Speaker: Celia B. Fisher, PhD
Marie Ward Doty University Chair in Ethics, Professor of Psychology, Director, Center for Ethics Education and the HIV/Drug Abuse Prevention Research Ethics Institute, Fordham University
Celia B. Fisher, Ph.D. is the Marie Ward Doty University Chair in Ethics, Professor of Psychology and the founding Director of the Fordham University Center for Ethics Education and the NIDA funded HIV and Drug Abuse Prevention Research Ethics Institute. She has chaired numerous ethics committees including for the American Psychological Association, the Society for Research in Child Development, and the American Public Health Association and served as a member of numerous federal and NIH committees including SACHRP, the NIH ABCD and the HEALing Communities studies, and chaired the Environmental Protection Agency’s Human Studies Review Board.
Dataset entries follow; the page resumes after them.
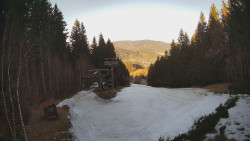 Výstupní stanice lanové dráhy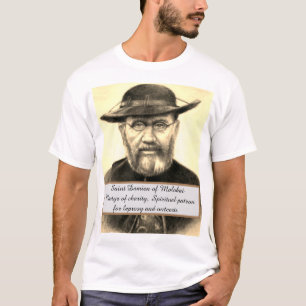 T-shirt Saint Damien mécène des exclus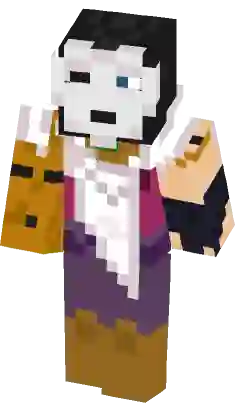 Jhin  Minecraft Skin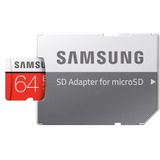 Samsung EVO Plus MicroSDXC 64GB - Versie 2020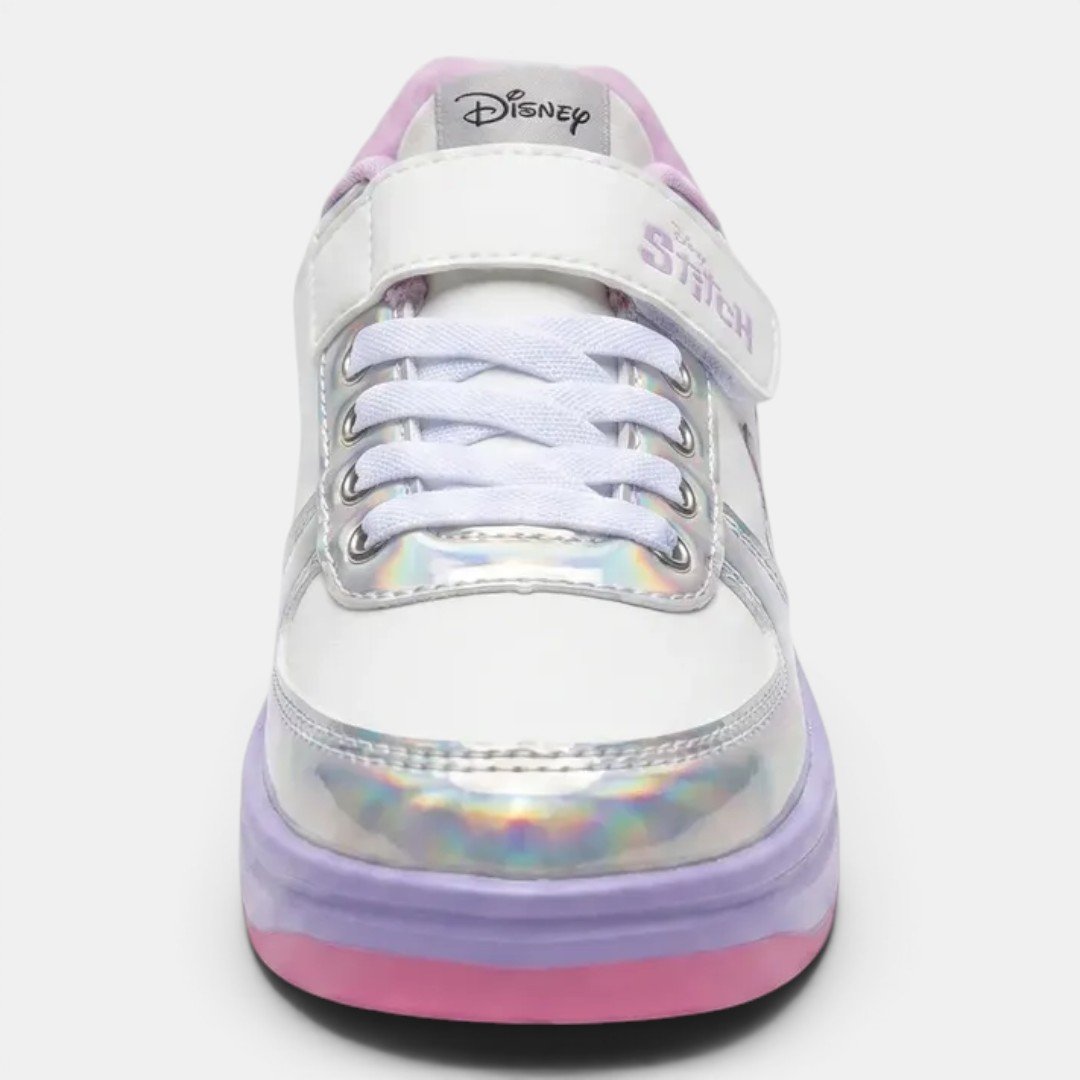 Tênis Disney Stitch Infantil Branco Branco 2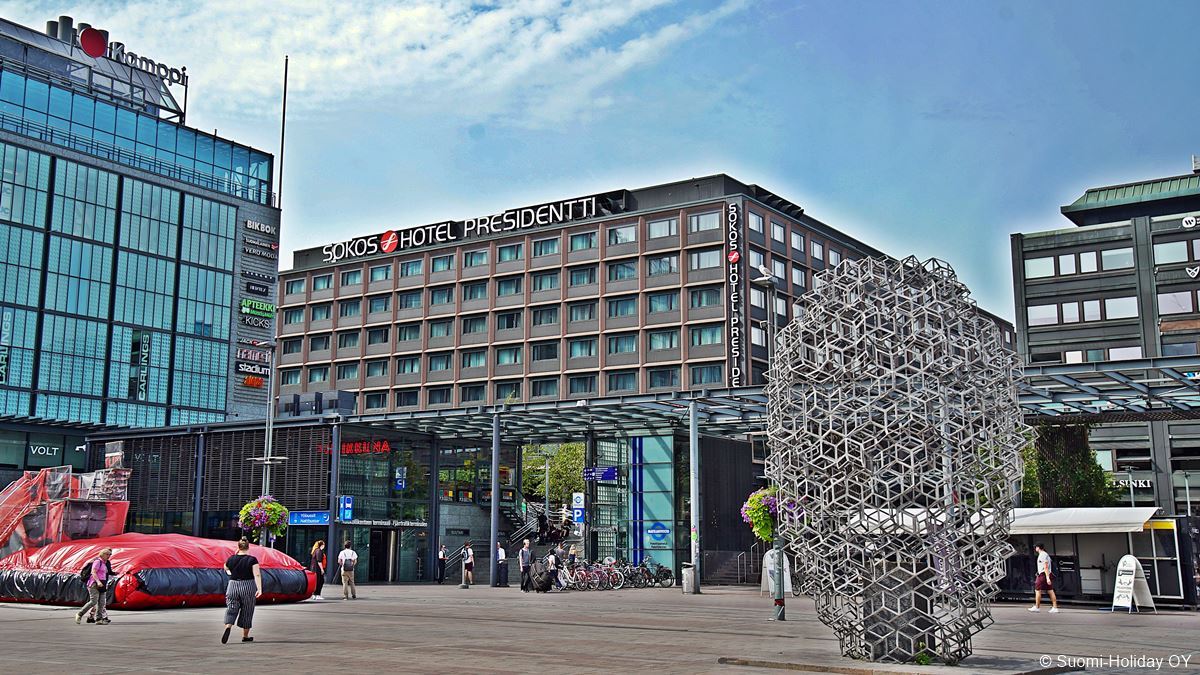 Original Sokos Hotel Presidentti Helsinki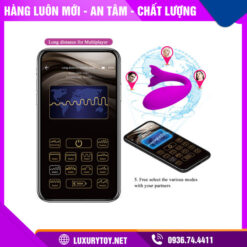 Hướng dẫn sử dụng trứng rung tình yêu Pretty Love Jayleen điều khiển qua app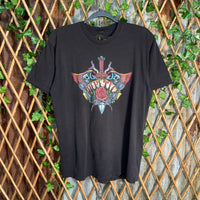 Vintage Y2K heretic 13 ed Hardy style grunge 2000s t-shirt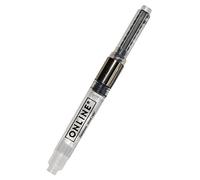 Online Schreibgeräte Convecteur/Convertisseur/Pompe pour des stylos avec système standard (stylo plume ou roller), universel, design transparent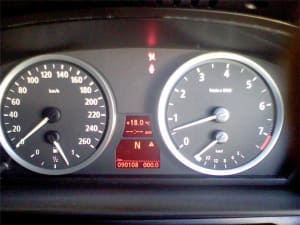 Speedometer BMW Bmw 2006 ABA-NL25 (PA02044687) 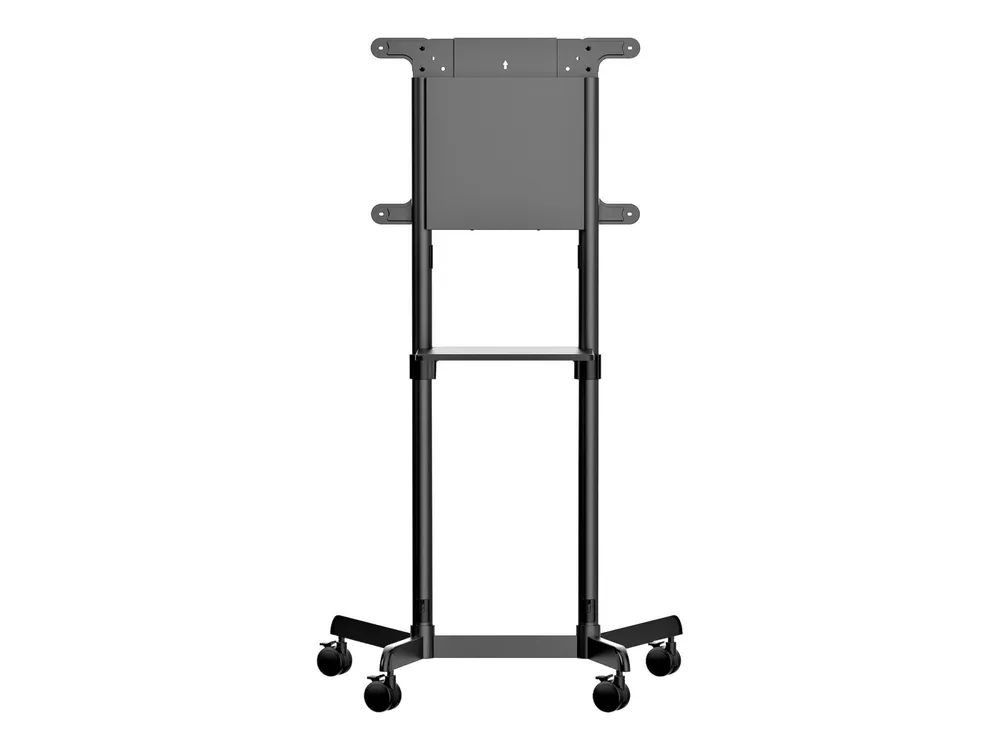 StarTech.com TV Wagen - TV Ständer mit Rollen für 37-70 Zoll VESA-Displays (70kg)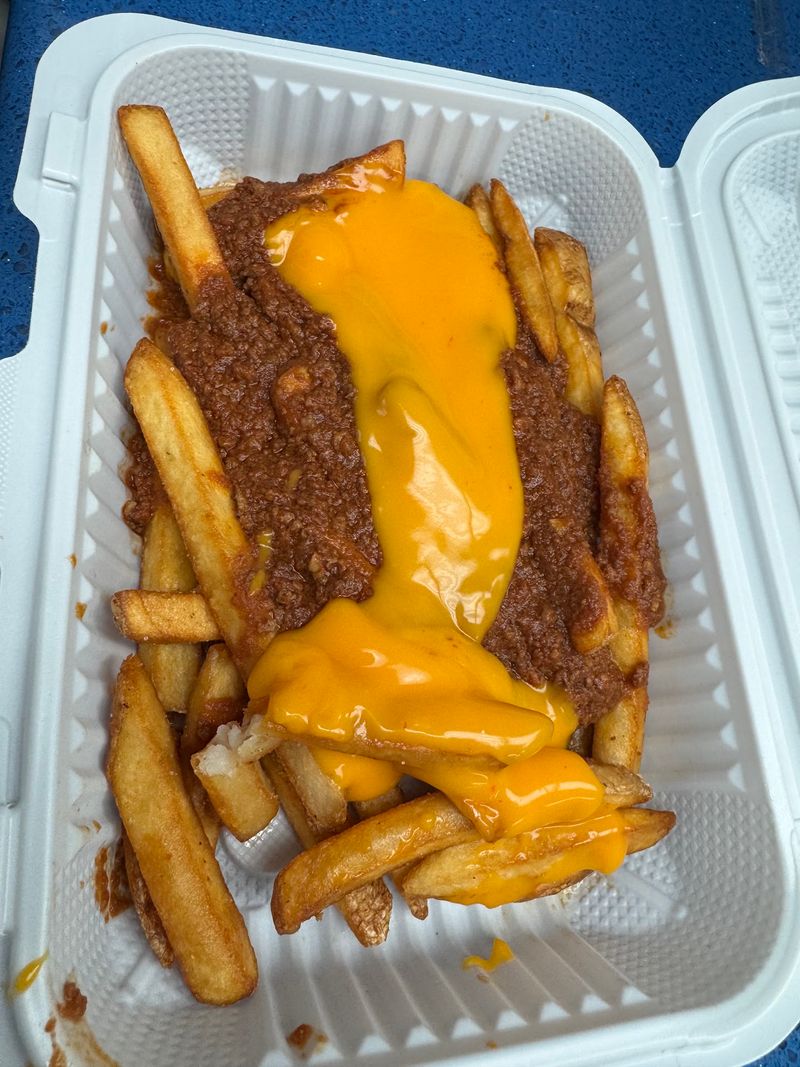Chili, Fries, and Soft Serve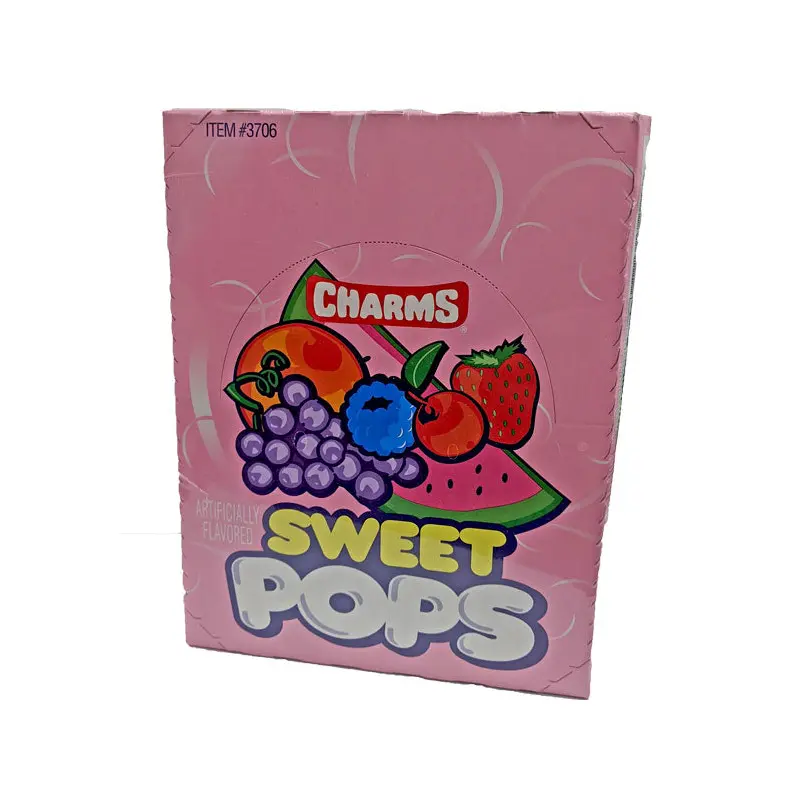 Charms .625oz Sweet Pops 48 Count Box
She is the author of Decoding the Ethics Code: A Practical Guide for Psychologists now in its 5th edition, has over 300 publications and 8 edited volumes on the rights and welfare of racial and sexual and gender minority children and adults and her research has been supported by NIDA, NICHD, NIAID, NIAAA, NIMHD, and NSF. She is a Fellow of the American Association for the Advancement of Science. Her awards include the Lifetime Achievement Award for Excellence in Human Research Protections and the America Psychological Association Award for Outstanding Contributions to Ethics Education.
It’s not all about the Benjamins– other hurdles presented by research participation, and why payment won’t resolve them
Payment for research is often sold as the silver bullet to address imbalanced participation in clinical trials. Is lack of payment for research participation the only reason clinical trials are not ethnically, racially, and socioeconomically diverse? What role do logistical burdens that research studies present play? How does the way people think about clinical trials factor into participation decisions? How can decentralized trials and public education on research participation address issues with diversity and inclusion?
Speaker: C.K. Wang, MD
Chief Medical Officer, COTA, Inc.
C.K. Wang is a board-certified medical oncologist and the Chief Medical Officer at COTA, Inc. As CMO, he oversees the medical and research functions of COTA and is an expert in cancer care delivery, real-world data/ evidence and equity/ diversity issues in clinical trial research. Prior to COTA, Dr. Wang held numerous leadership roles at IBM Watson Health and the USMD Cancer Center.